Cette esquisse trouve du reste un ample développement dans ce grand fragment Preuves par discours II : Qu'ils apprennent au moins quelle est la religion qu'ils combattent avant que de la combattre. Si cette religion se vantait d'avoir une vue claire de Dieu, et de le posséder à découvert et sans voile, ce serait la combattre que de dire qu'on ne voit rien dans le monde qui le montre avec cette évidence. Mais puisqu'elle dit, au contraire, que les hommes sont dans les ténèbres et dans l'éloignement de Dieu, qu'il s'est caché à leur connaissance, que c'est même le nom qu'il se donne dans les Écritures, Deus absconditus et, enfin, si elle travaille également à établir ces deux choses : que Dieu a établi des marques sensibles dans l'Église pour se faire reconnaître à ceux qui le chercheraient sincèrement ; et qu'il les a couvertes néanmoins de telle sorte qu'il ne sera aperçu que de ceux qui le cherchent de tout leur cœur, quel avantage peuvent-ils tirer, lorsque dans la négligence où ils font profession d'être de chercher la vérité, ils crient que rien ne la leur montre, puisque cette obscurité où ils sont, et qu'ils objectent à l'Église, ne fait qu'établir une des choses qu'elle soutient, sans toucher à l'autre, et établit sa doctrine, bien loin de la ruiner ?
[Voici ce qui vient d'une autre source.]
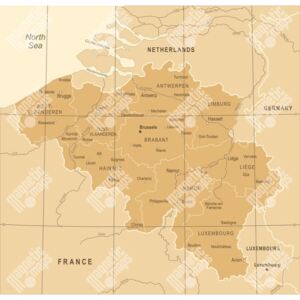 Magnetická mapa Belgie, vintage, béžová (samolepící feretická fólie) 69 x 66 cm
Il faudrait, pour la combattre, qu'ils criassent qu'ils ont fait tous leurs efforts pour la chercher partout, et, même dans ce que l'Église propose pour s'en instruire, mais sans aucune satisfaction. S'ils parlaient de la sorte, ils combattraient à la vérité une de ses prétentions. Mais j'espère montrer ici qu'il n'y a personne raisonnable qui puisse parler de la sorte ; et j'ose même dire que jamais personne ne l'a fait. On sait assez de quelle manière agissent ceux qui sont dans cet esprit. Ils croient avoir fait de grands efforts pour s'instruire, lorsqu'ils ont employé quelques heures à la lecture de quelque livre de l'Écriture, et qu'ils ont interrogé quelque ecclésiastique sur les vérités de la foi. Après cela, ils se vantent d'avoir cherché sans succès dans les livres et parmi les hommes. Mais, en vérité, je leur dirais ce que j'ai dit souvent, que cette négligence n'est pas supportable.

Gérard Ferreyrolles propose une ponctuation et une interprétation différentes : Qu’on s’informe de cette religion même, si elle ne rend pas raison de cette obscurité, peut-être qu’elle nous l’apprendra.